Bug 844695

Summary: excessive logging in self-heal daemon should be reduced
Product: [Community] GlusterFS Reporter: Raghavendra Bhat <rabhat>
Component: replicateAssignee: Pranith Kumar K <pkarampu>
Status: CLOSED DUPLICATE QA Contact:
Severity: high Docs Contact:
Priority: high    
Version: 3.3.0CC: amarts, gluster-bugs
Target Milestone: ---   
Target Release: ---   
Hardware: Unspecified   
OS: Unspecified   
Whiteboard:
Fixed In Version: Doc Type: Bug Fix
Doc Text:
Story Points: ---
Clone Of:
: 844758 (view as bug list) Environment:
Last Closed: 2012-09-12 11:05:49 UTC Type: Bug
Regression: --- Mount Type: ---
Documentation: --- CRM:
Verified Versions: Category: ---
oVirt Team: --- RHEL 7.3 requirements from Atomic Host:
Cloudforms Team: --- Target Upstream Version:
Embargoed:
Bug Depends On:    
Bug Blocks: 844758, 844804    
Attachments:
Description Flags
log analysing script which parses the log file and prints the number of times each function has logged none

Description Raghavendra Bhat 2012-07-31 12:15:22 UTC
Created attachment 601512 [details]
log analysing script which parses the log file and prints the number of times each function has logged

Description of problem:

Self-heal daemon logs heavily by increasing the log file to some GBs thus consuming large disk space.
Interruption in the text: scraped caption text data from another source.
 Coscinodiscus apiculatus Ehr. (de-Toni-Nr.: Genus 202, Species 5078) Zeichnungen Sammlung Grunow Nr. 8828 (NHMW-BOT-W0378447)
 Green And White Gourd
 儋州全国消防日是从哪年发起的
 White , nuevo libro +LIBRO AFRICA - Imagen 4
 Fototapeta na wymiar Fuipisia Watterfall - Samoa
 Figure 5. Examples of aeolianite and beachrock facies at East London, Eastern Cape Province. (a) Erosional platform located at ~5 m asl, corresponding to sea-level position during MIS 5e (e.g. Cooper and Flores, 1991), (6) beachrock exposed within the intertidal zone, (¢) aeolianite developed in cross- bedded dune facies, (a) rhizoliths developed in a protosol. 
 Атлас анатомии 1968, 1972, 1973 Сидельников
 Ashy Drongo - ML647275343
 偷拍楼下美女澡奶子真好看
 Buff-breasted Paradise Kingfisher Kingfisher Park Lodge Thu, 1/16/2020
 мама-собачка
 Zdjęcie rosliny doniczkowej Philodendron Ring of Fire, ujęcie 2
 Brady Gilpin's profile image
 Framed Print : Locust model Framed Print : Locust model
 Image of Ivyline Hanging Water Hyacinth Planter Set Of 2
It should be minimized by preventing the logs being repeated and also avoiding non important logs or printing those log message in some other log level such as DEBUG or TRACE.
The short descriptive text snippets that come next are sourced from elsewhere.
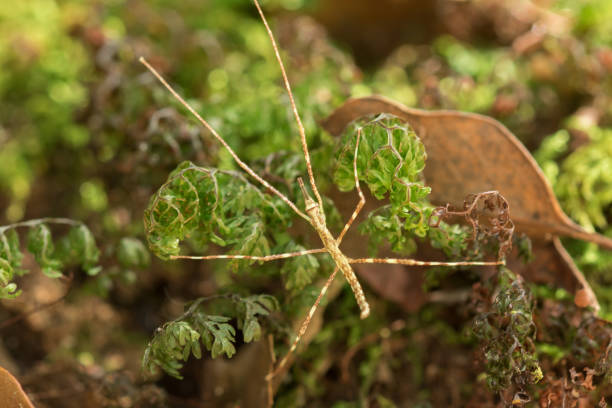gafanhoto de brown no musgo. - grasshopper locust isolated multi colored - fotografias e filmes do acervo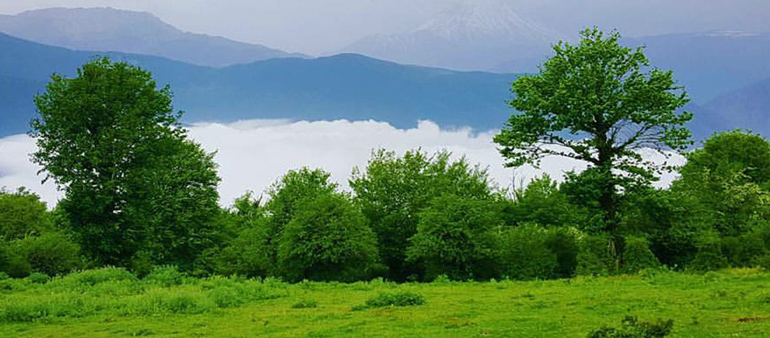 جاهای دیدنی جنگل الیمستان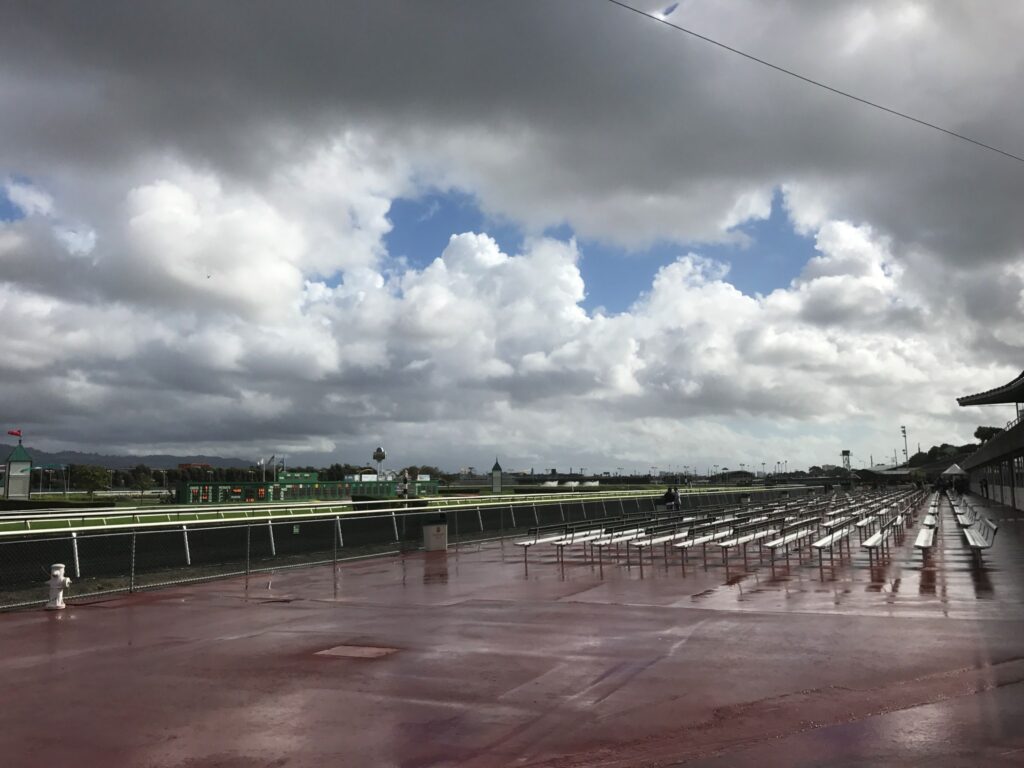 雨に濡れたゴールデンゲートフィールズのスタンド前
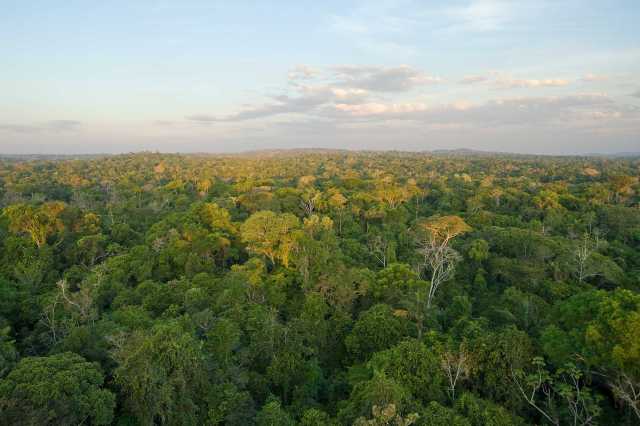 De l'Amazonie au Pacifique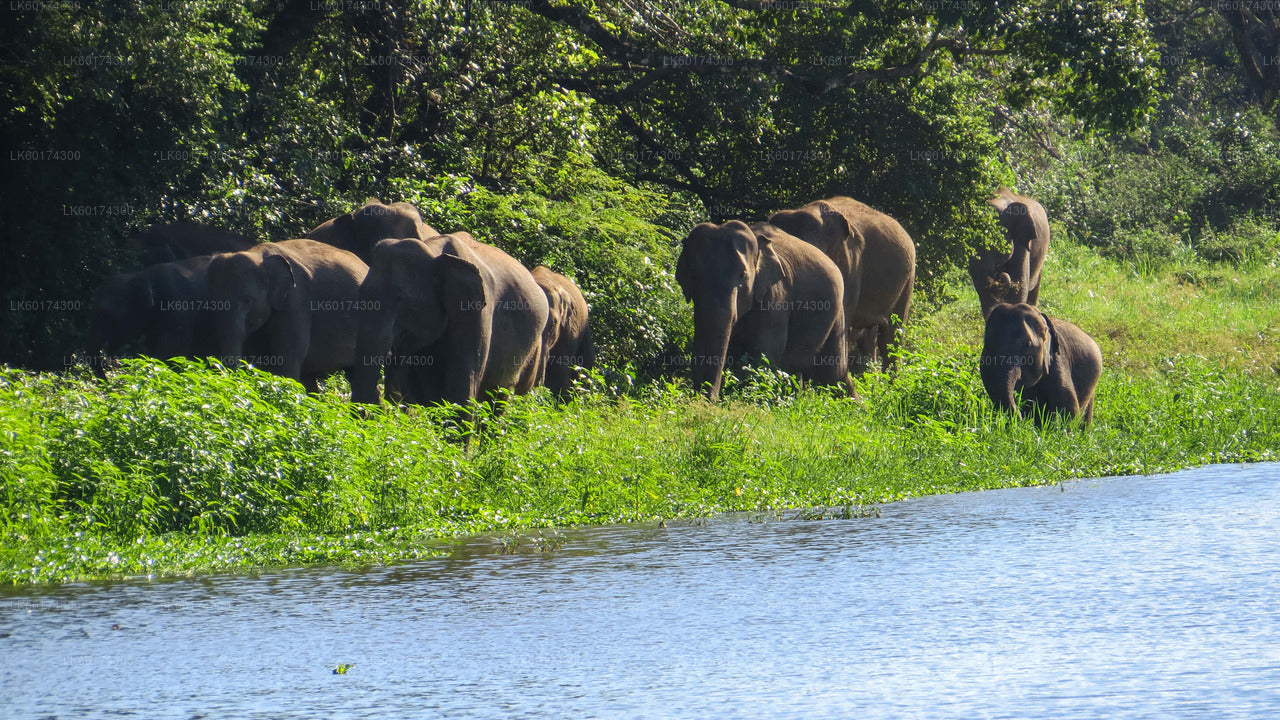 Wasgamuwa Nationalpark Safari fra Kandy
With the bug a script has been attached which analyzes the glusterfs log file provided as an argument and prints the functions and number of times they have been called.
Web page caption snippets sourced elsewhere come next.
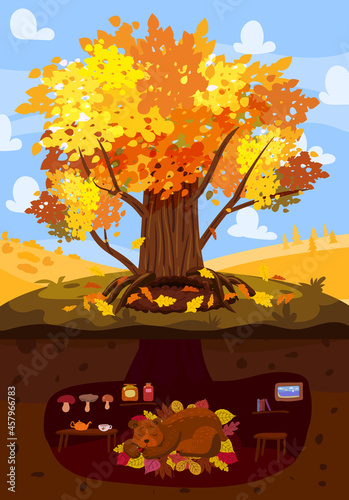 Autumn tree colorfull, cute Bear is sleeping in a burrow, hole. Fall background rural countryside landscape, yellow orange leaves, poster, banner. Vector illustration cartoon style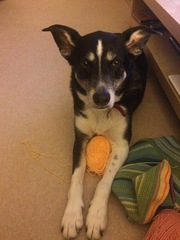 Show me your dog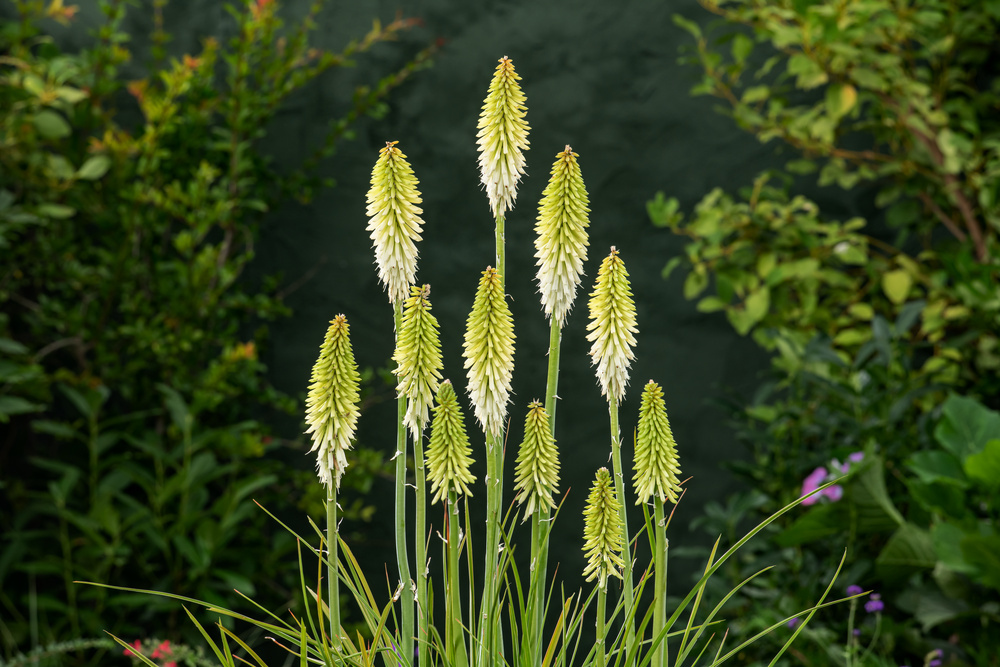 Kniphofia deals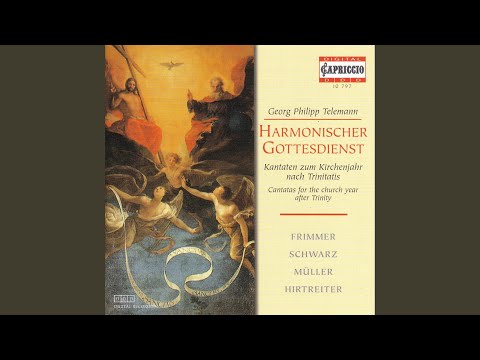 Verfolgter Geist Wo Twv 1 1467 Aria Verfolgter Geist Wohin Youtube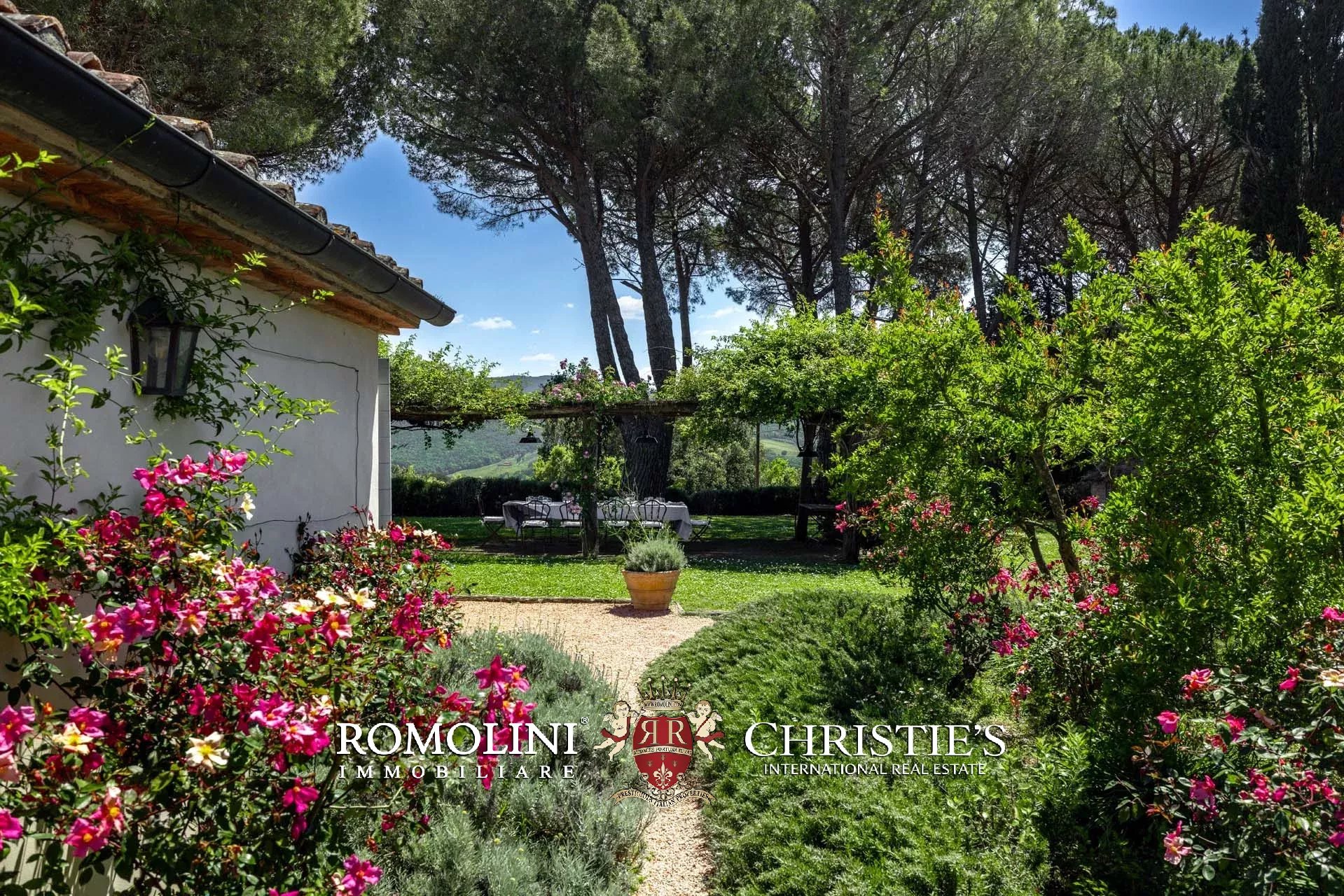 EQUESTRIAN SEA VIEW WINE ESTATE WITH VINEYARDS FOR SALE CLOSE TO BOLGHERI, TUSCANY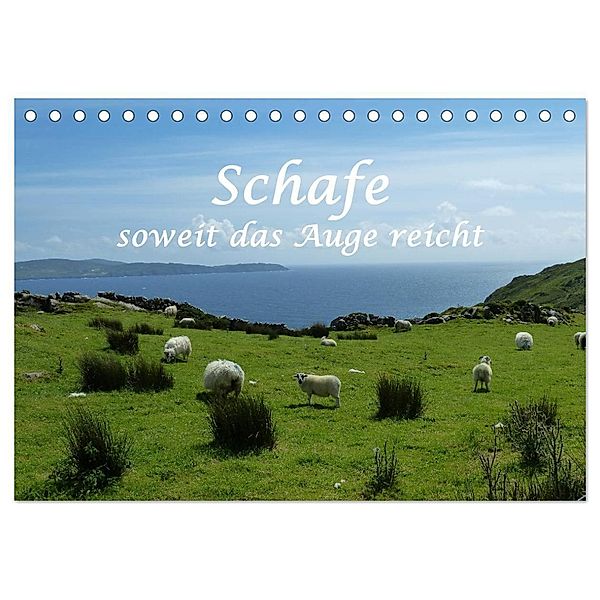 Schafe - soweit das Auge reicht (Tischkalender 2024 DIN A5 quer), CALVENDO Monatskalender, Stefanie und Philipp Kellmann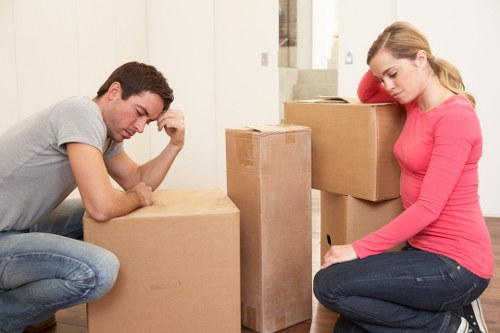 Careful loading support for flat moves in Berrylands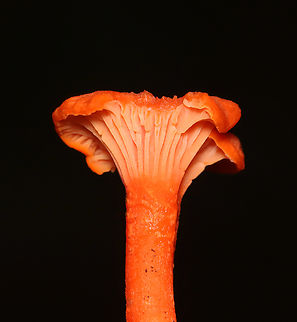 Red Chanterelle - Cantharellus cinnabarinus Habitat: Mixed forest Cantharellus,Cantharellus cinnabarinus,Chanterelle,Geotagged,Red Chanterelle,Summer,United States,fungus,mushroom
This is the o/p of log analyzer script run on a self-heal-daemon log file which had grown to 15-20MBs.

afr_detect_self_heal_by_iatt:7353
afr_detect_self_heal_by_lookup_status:243
afr_dir_exclusive_crawl:20
afr_launch_self_heal:19993
afr_notify:15
afr_self_heal_completion_cbk:19993
afr_sh_common_lookup_resp_handler:5745
afr_sh_data_open_cbk:240
afr_sh_entry_expunge_entry_cbk:1956
afr_sh_entry_fix:1
afr_sh_metadata_post_nonblocking_inodelk_cbk:486
afr_sh_post_nonblocking_entry_cbk:3
cleanup_and_exit:2
client3_1_entrylk_cbk:3
client3_1_getxattr_cbk:3
client3_1_inodelk_cbk:243
client3_1_open_cbk:240
client3_1_unlink_cbk:4
client_ping_cbk:3
client_rpc_notify:42
client_set_lk_version_cbk:54
client_setvolume_cbk:108
_crawl_proceed:12
gf_add_cmdline_options:12
main:2
mgmt_cbk_spec:4
mgmt_getspec_cbk:5
notify:81
reincarnate:1
_remove_stale_index:9
rpc_client_ping_timer_expired:3
rpc_clnt_reconfig:24
saved_frames_unwind:6
select_server_supported_programs:54
sh_loop_driver_done:18008
socket_connect_finish:24
__socket_keepalive:2
__socket_proto_state_machine:41
__socket_rwv:18
socket_server_event_handler:2
========= Error Functions ========
afr_notify:3
afr_self_heal_completion_cbk:243
afr_sh_common_lookup_resp_handler:5745
afr_sh_data_open_cbk:240
afr_sh_metadata_post_nonblocking_inodelk_cbk:486
afr_sh_post_nonblocking_entry_cbk:3
cleanup_and_exit:2
client3_1_entrylk_cbk:3
client3_1_getxattr_cbk:3
client3_1_inodelk_cbk:243
client3_1_open_cbk:240
client3_1_unlink_cbk:4
client_ping_cbk:3
_crawl_proceed:12
_remove_stale_index:4
saved_frames_unwind:6
socket_connect_finish:24
__socket_keepalive:2
__socket_proto_state_machine:41
__socket_rwv:18
socket_server_event_handler:2


"Error function"  section lists also functions which have logged in WARNING level.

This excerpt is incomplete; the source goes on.